As a result, the public is still unaware of the fast one that was pulled on them. Witness the polls showing so many Americans believe that Iraq was behind the 9/11 attacks. What sets the Bush administration apart from its predecessors in Washington (and what the media never properly spotlighted) is its willingness to say anything -- no matter how counter-factual or fundamentally misrepresentative of its true objectives -- to advance its aims.

It’s possible that a savvy campaign of public information in response to the White House campaign of disinformation from the White Housemight have slowed or even halted the march toward war.
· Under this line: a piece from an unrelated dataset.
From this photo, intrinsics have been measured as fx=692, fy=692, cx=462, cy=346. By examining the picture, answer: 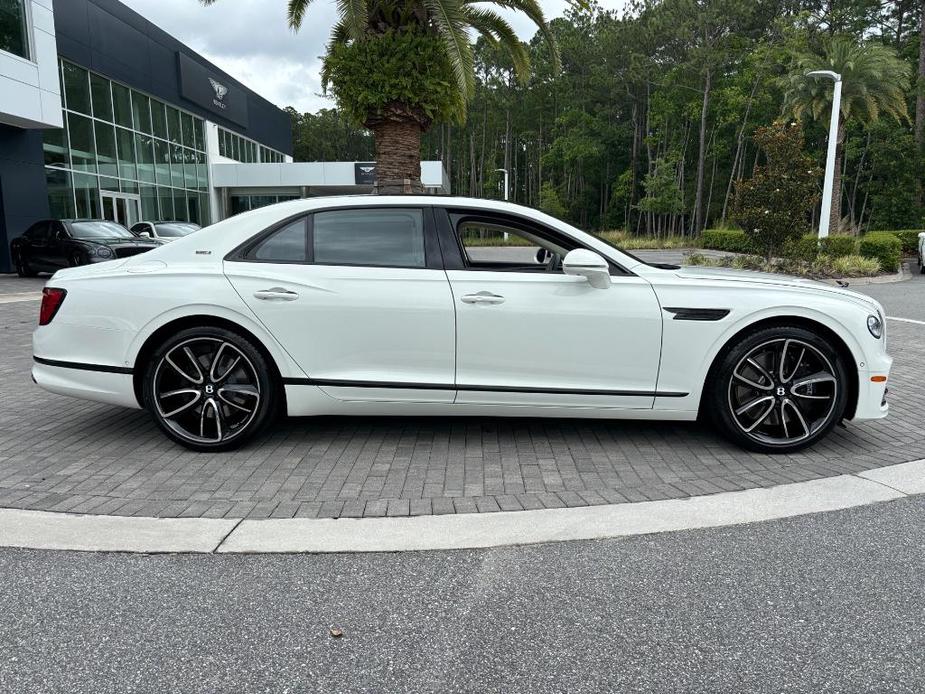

But neither anti-war activists nor the Democratic Party’s leadership were clever enough to consistently put forward, in easily digestible form for both print and broadcast audiences, the two points that could have swayed public opinion: (1) That the administration was lying about the reasons for an invasion (2) That other options existed to free the Iraqi people.

Liberal activists, already traumatized by the obfuscation of the Clinton years, had better learn a lesson from their failure here. Honest people can no longer count on an increasingly befuddled, co-opted and intimidated mass media to stand up to government by fraud. What’s needed from progressive forces is a commitment to new policies that take away from our own anti-democratic right wing such issues as confronting rogue states and freeing oppressed peoples around the world. This will require the kind of hard-headed imagination that, conjuring the Berlin airlift and Marshall Plan, contained and ultimately brought down the Soviet Union without triggering World War III. Who wants to say that only their parents’ generation can rise to an Occasion?